● **ABOUT THIS TASK**:
Only the lines below from the one containing "North Avellion Duo Font Poster 1" through the one containing "直升機變形機器人無限抽(X Ray Robot Helicopter)" belong in the answer, set down exactly, with the pictures left out.

● **INFORMATION**:
##########

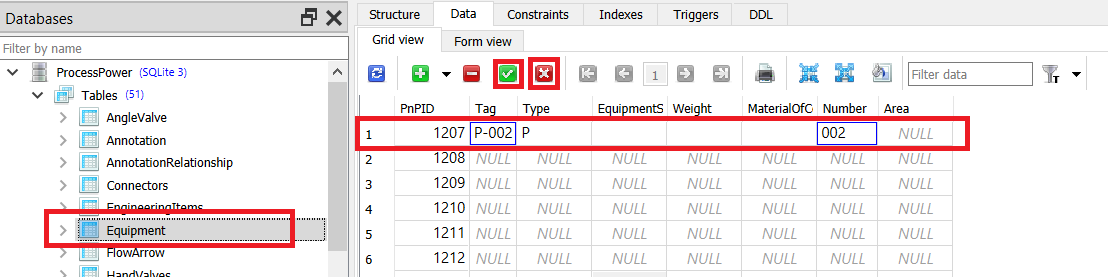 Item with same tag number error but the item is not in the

##########

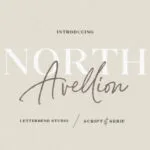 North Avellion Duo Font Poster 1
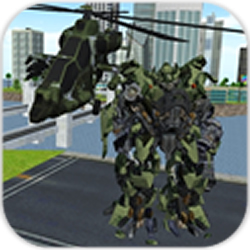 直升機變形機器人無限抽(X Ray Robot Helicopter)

##########

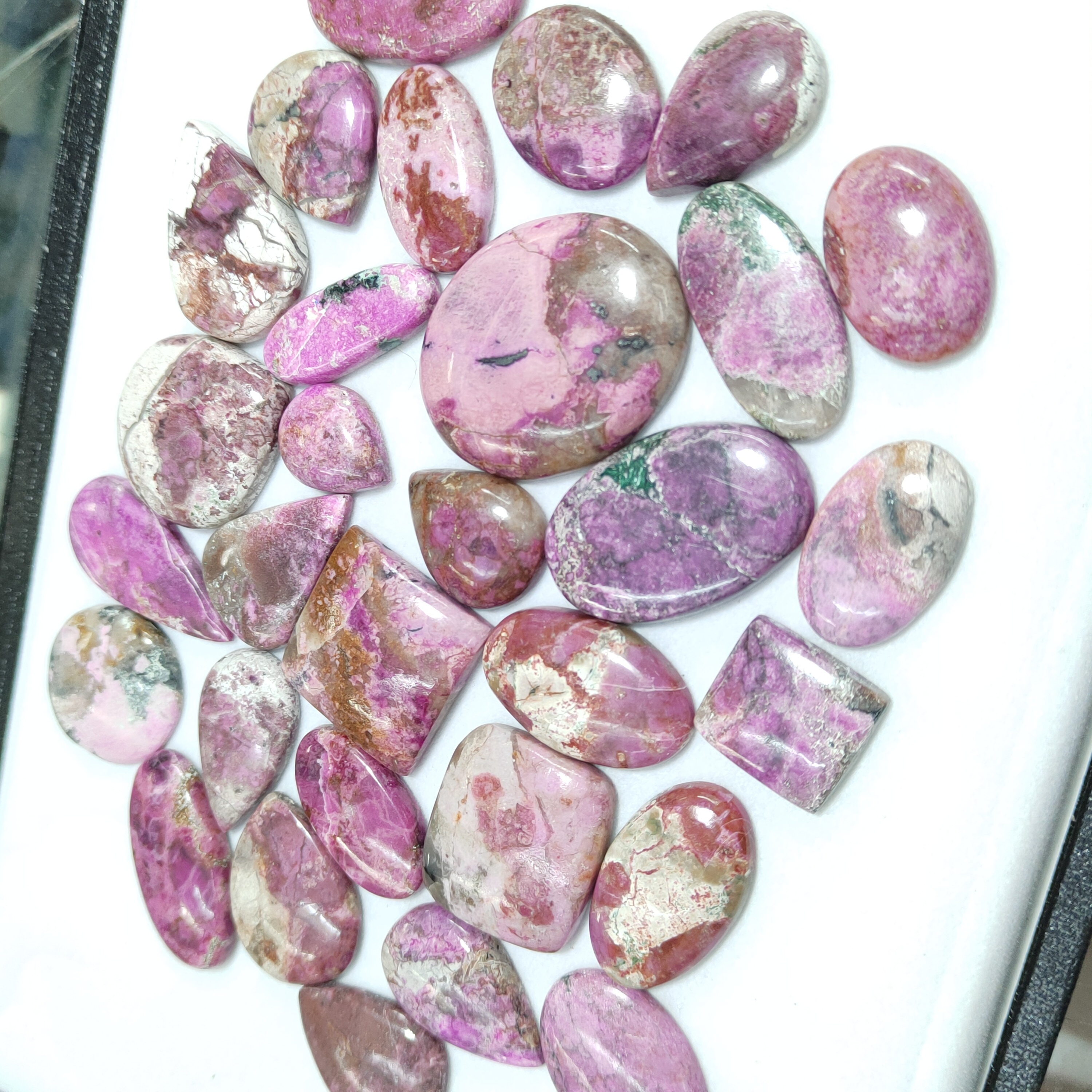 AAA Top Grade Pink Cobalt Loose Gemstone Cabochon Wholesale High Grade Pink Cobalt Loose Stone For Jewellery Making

##########

● **EXERCISE SOLUTION**:
 North Avellion Duo Font Poster 1
 直升機變形機器人無限抽(X Ray Robot Helicopter)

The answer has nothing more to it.